Des "Américains inconnus" en train de provoquer une guerre civile

lundi 10 juillet 2006

Robert Fisk

Le célèbre reporter britannique Robert Fisk : Découverts via une
loupe syrienne, des « Américains inconnus » sont occupés à provoquer
une guerre civile en Irak. L’Amérique est piégée dans les sables
sanglants de l’Irak et tente désespérément de provoquer une guerre
civile autour de Bagdad afin de pouvoir réduire ses propres pertes
militaires.
29avr06 « The Independent » -- En Syrie, le monde semble de plus
en plus sombre, vu par la lorgnette locale.
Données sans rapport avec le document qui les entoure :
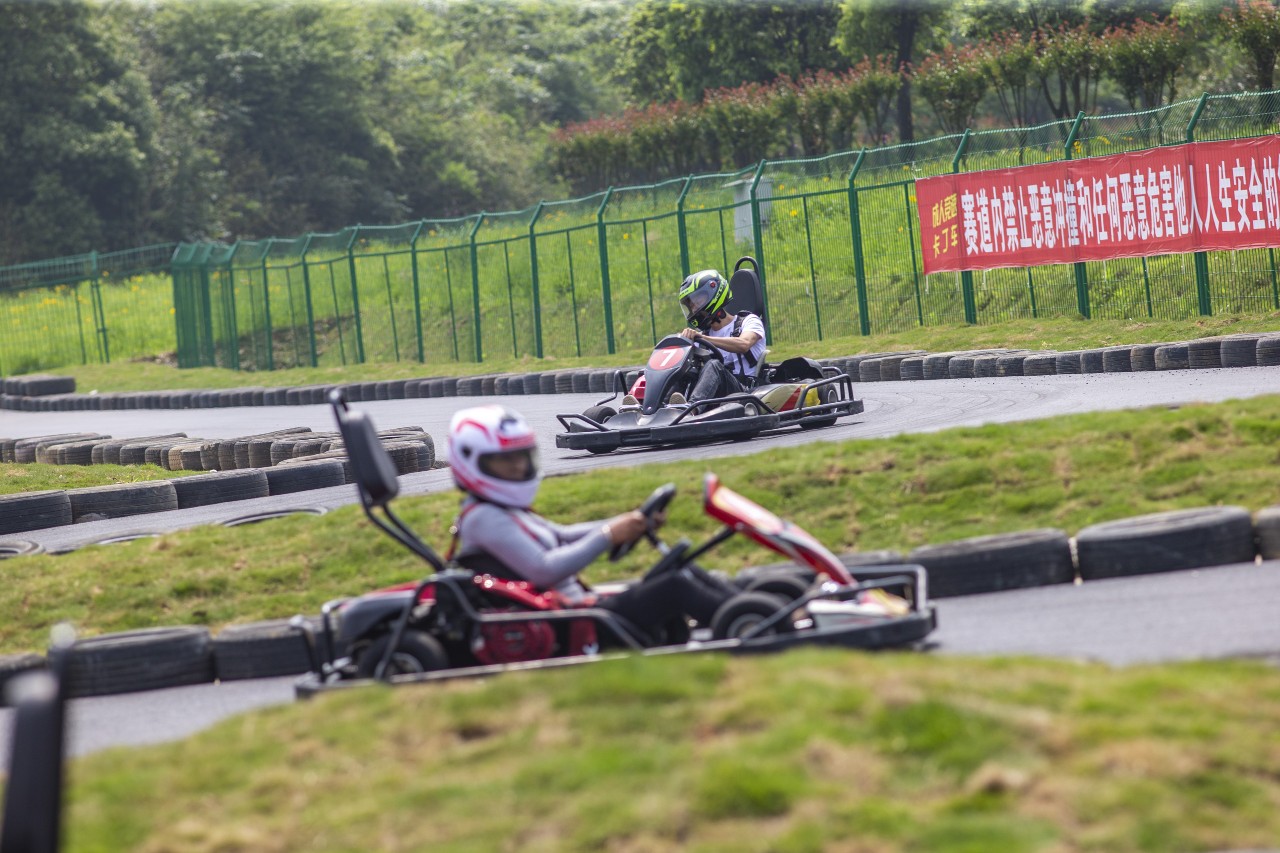 长沙洋沙湖,长沙洋湖附近游玩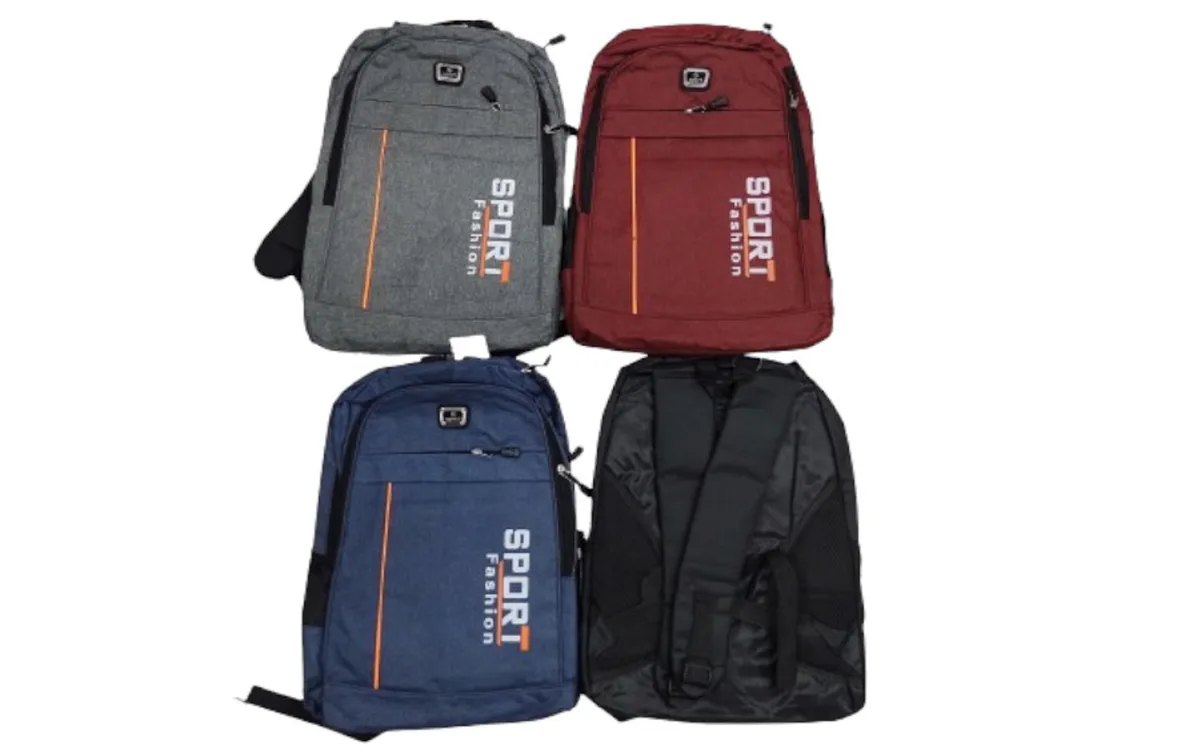 MOCHILA SPORT 1613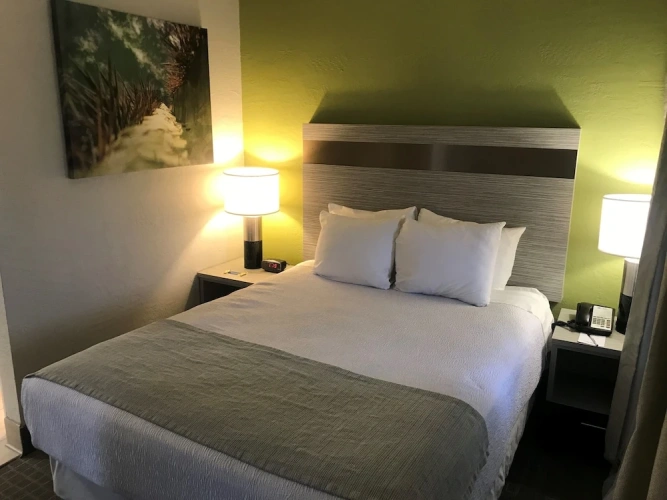 Double Suite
Aussi sombre que les
vitres fumées de la voiture qui m’emmène vers un bâtiment situé dans
la zone occidentale de Damas et où un homme que je connais depuis
quinze ans - appelons-le une « source sûre », pour reprendre les
termes utilisés par les correspondants américains quand ils parlent
de leurs puissants officiers de renseignements - m’attend avec son
horrible récit du désastre irakien et des dangers au Moyen-Orient.
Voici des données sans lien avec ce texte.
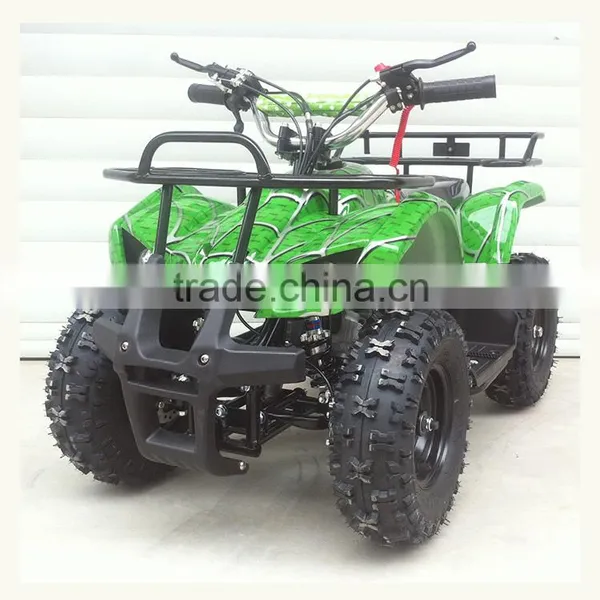 BLA-M003 Mini Quad 49cc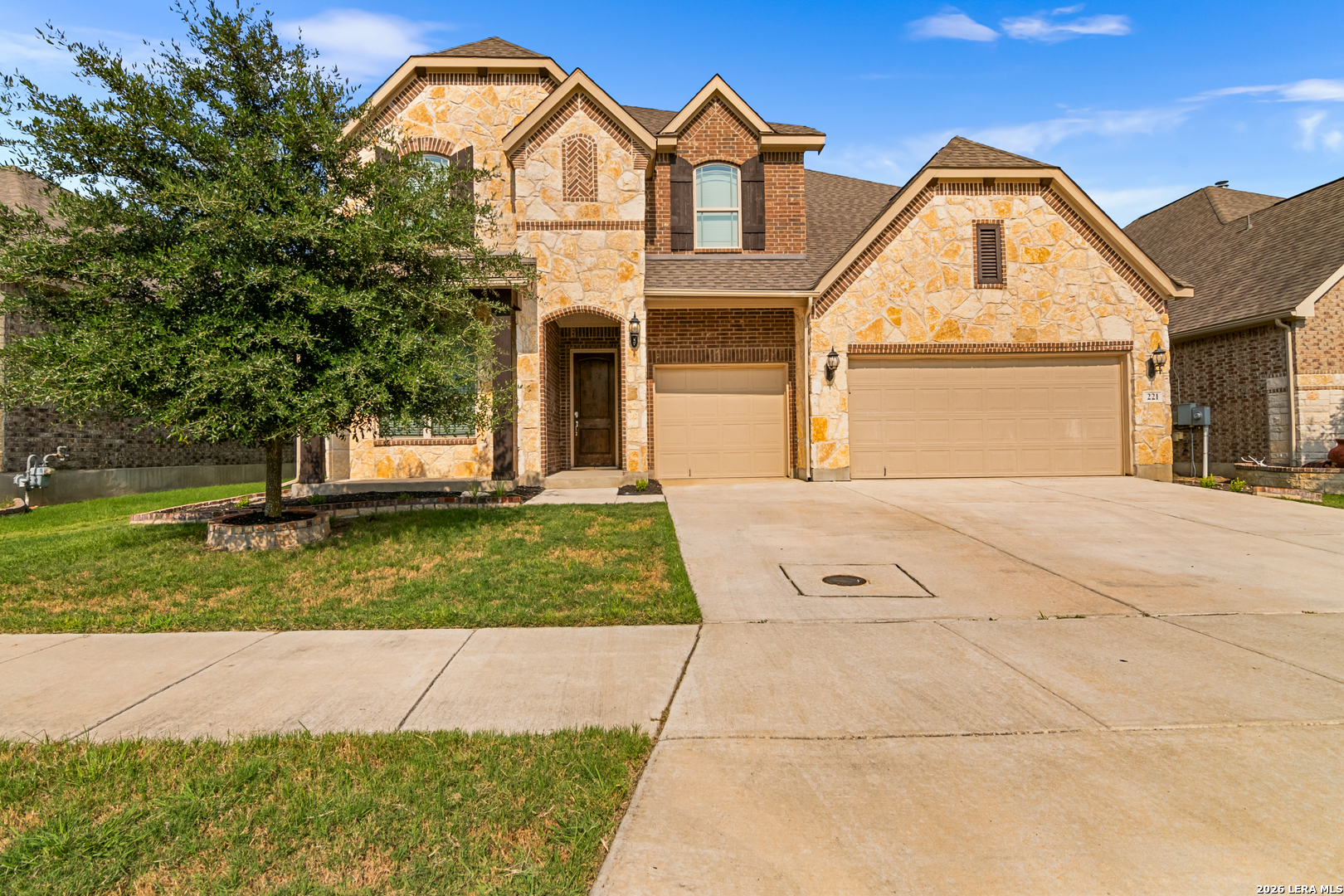 221 Aspen Drive Boerne TX 78006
Ce qu’il dépeint, c’est un portrait effrayant d’une Amérique
piégée dans les sables ensanglantés de l’Irak et tentant
désespérément de provoquer une guerre civile autour de Bagdad afin de
réduire ses propres pertes militaires. C’est un scénario dans lequel
Saddam Hussein reste le meilleur ami de Washington, dans lequel la
Syrie a répliqué aux insurgés irakiens avec une absence de pitié que
les États-Unis préfèrent ignorer. Et dans lequel le ministre de
l’Intérieur syrien, découvert mort par balle dans son bureau l’an
dernier, s’est suicidé en raison de sa propre instabilité mentale.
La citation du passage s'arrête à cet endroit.